Action item:
As you restate the entries, keep every word intact and leave out whatever images they hold.

Source records:
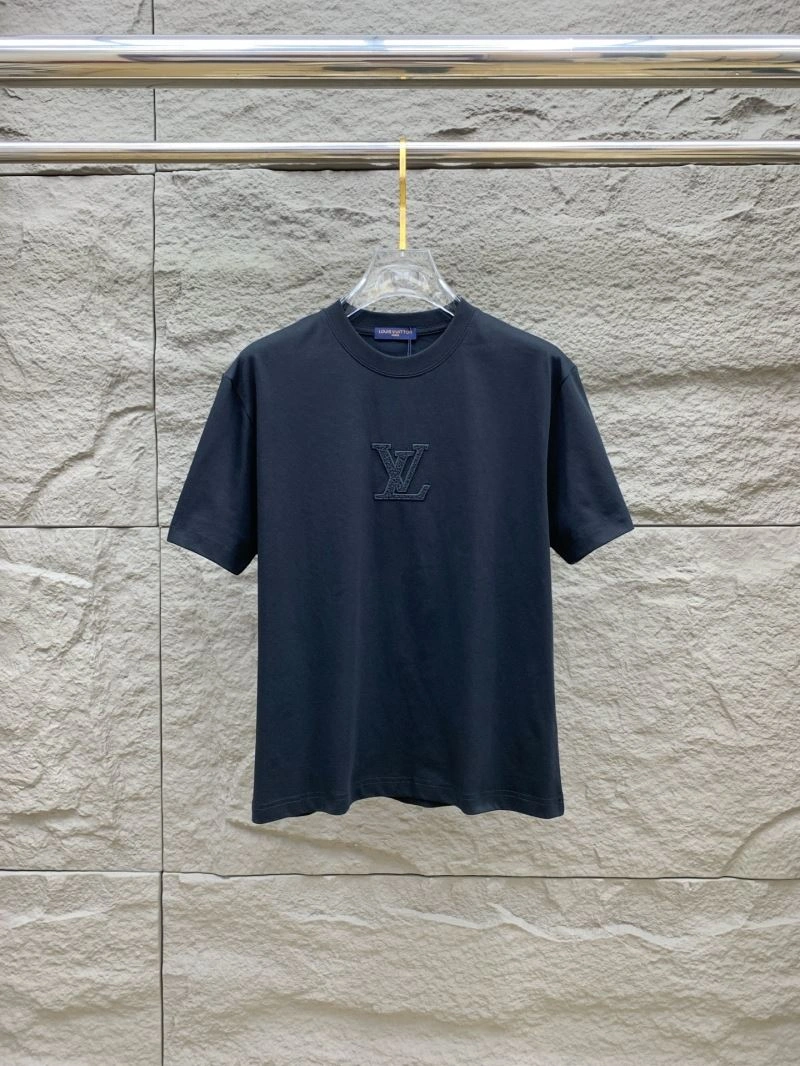 Sleek Louis Vuitton T-Shirts 135499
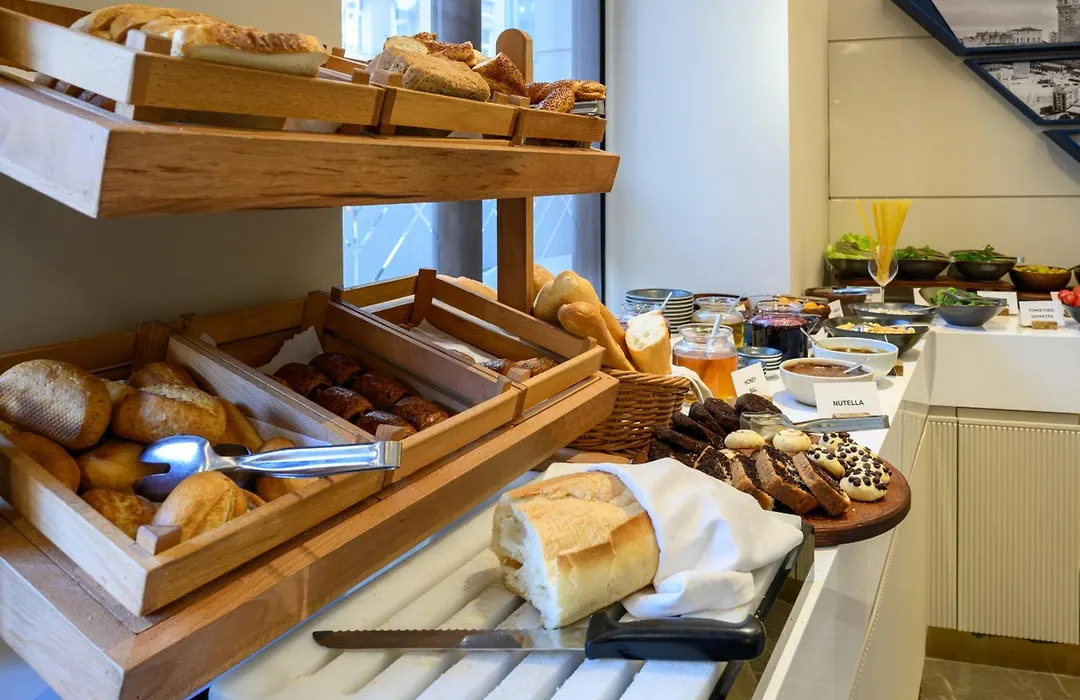 Four Points Flex By Sheraton Istanbul Taksim Square-1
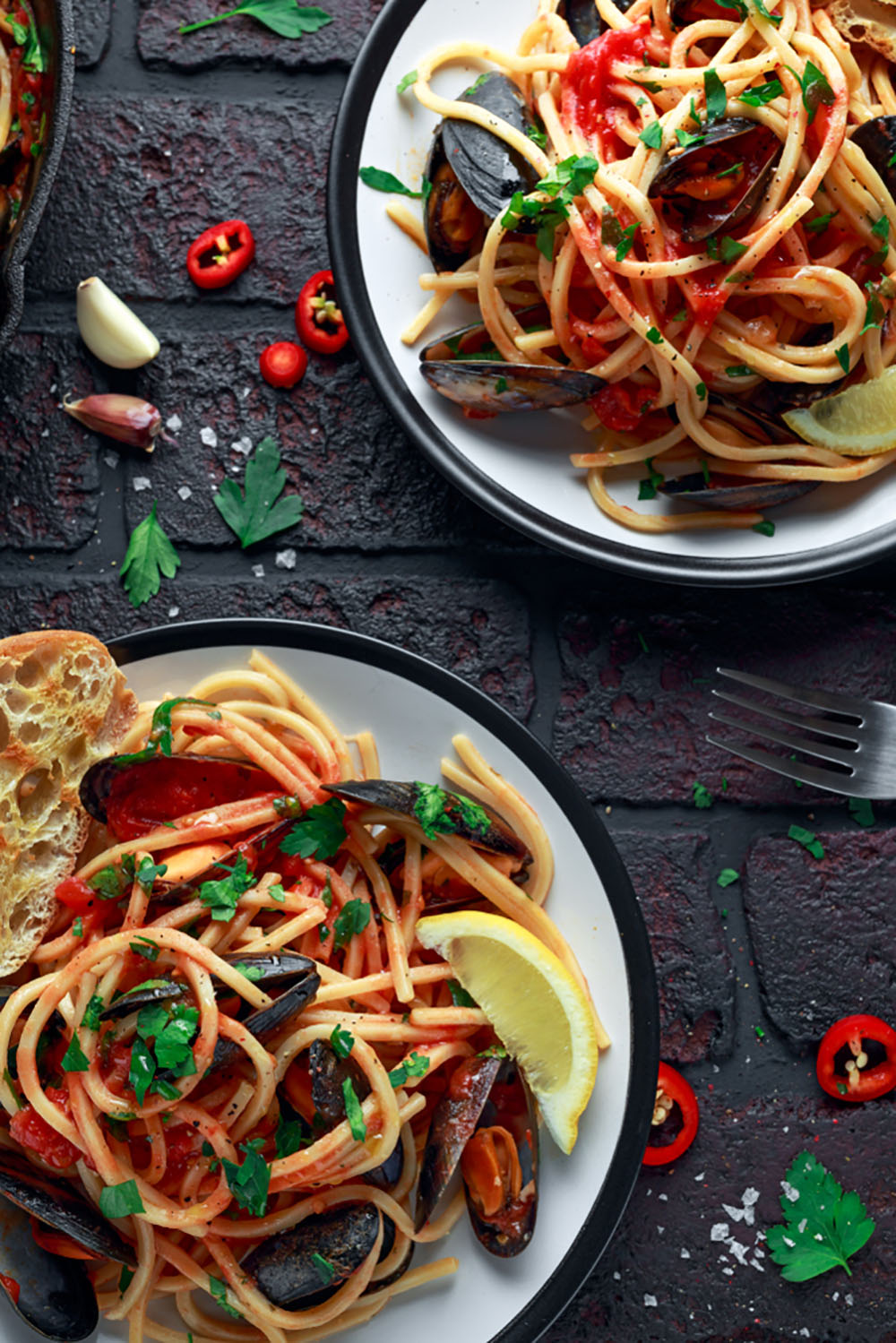 Empty the Fridge - Pasta met mosselen witte wijn en tomaten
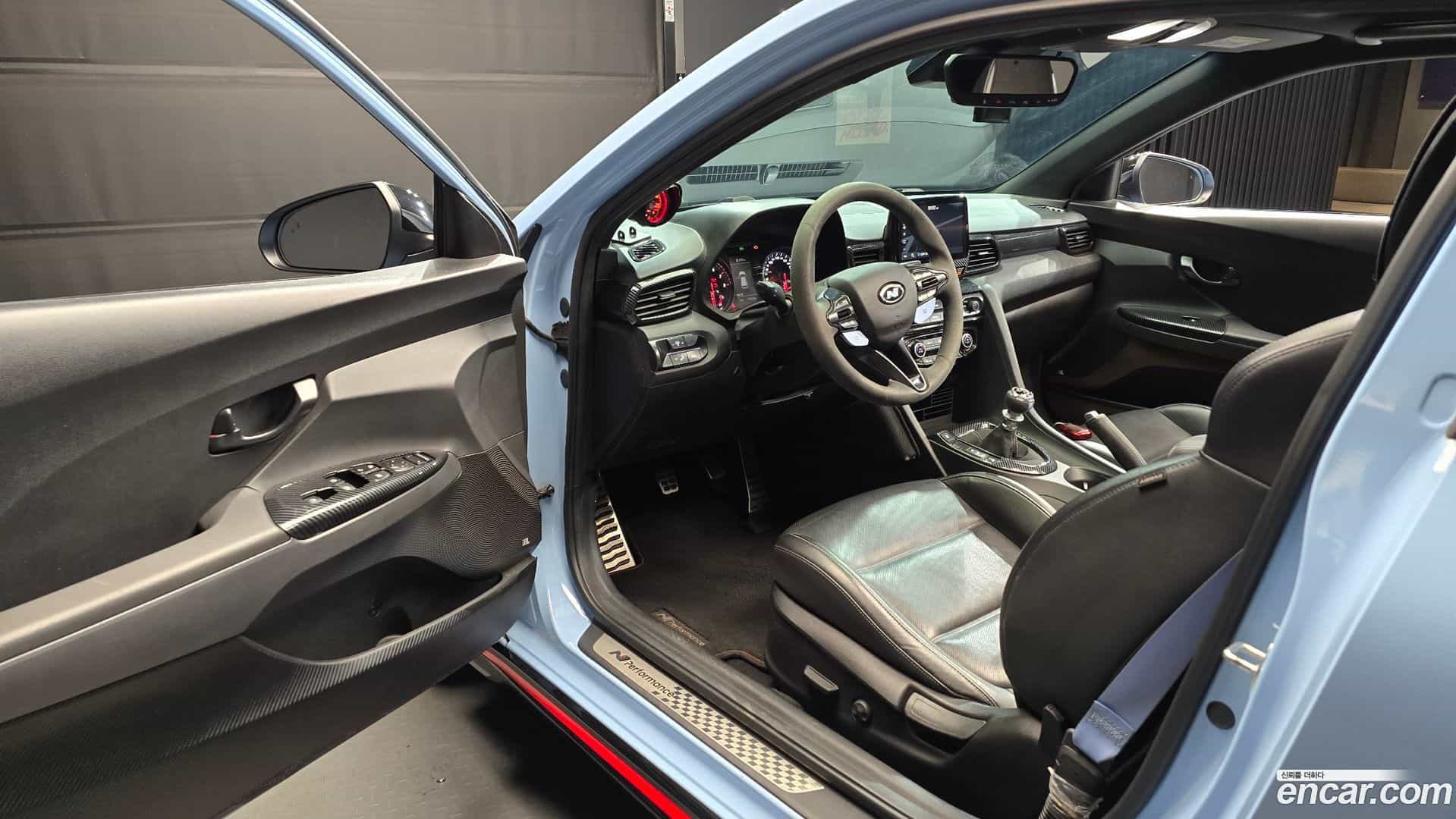 Veloster Hyundai 2020.10-OPTION-015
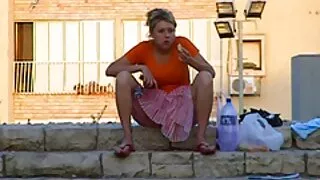 Samantha Sin, une chienne aux longues jambes auburn pécheresse, suce deux femme mature au gros sein grosses bites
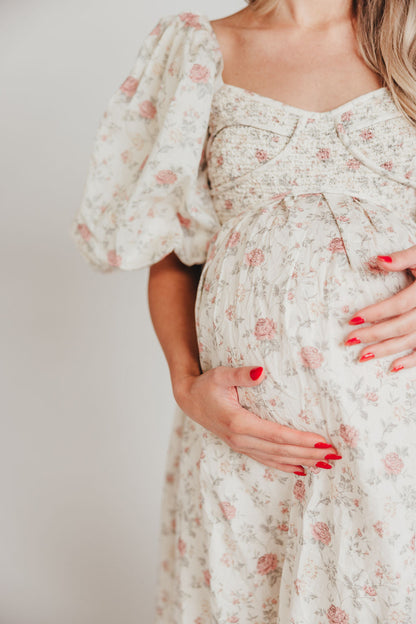 Harlow Maxi Dress in Off-White Floral - Bump Friendly & Inclusive Sizing (S-3XL)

Result for this exercise:
 Sleek Louis Vuitton T-Shirts 135499
 Four Points Flex By Sheraton Istanbul Taksim Square-1
 Empty the Fridge - Pasta met mosselen witte wijn en tomaten
 Veloster Hyundai 2020.10-OPTION-015
 Samantha Sin, une chienne aux longues jambes auburn pécheresse, suce deux femme mature au gros sein grosses bites
 Harlow Maxi Dress in Off-White Floral - Bump Friendly & Inclusive Sizing (S-3XL)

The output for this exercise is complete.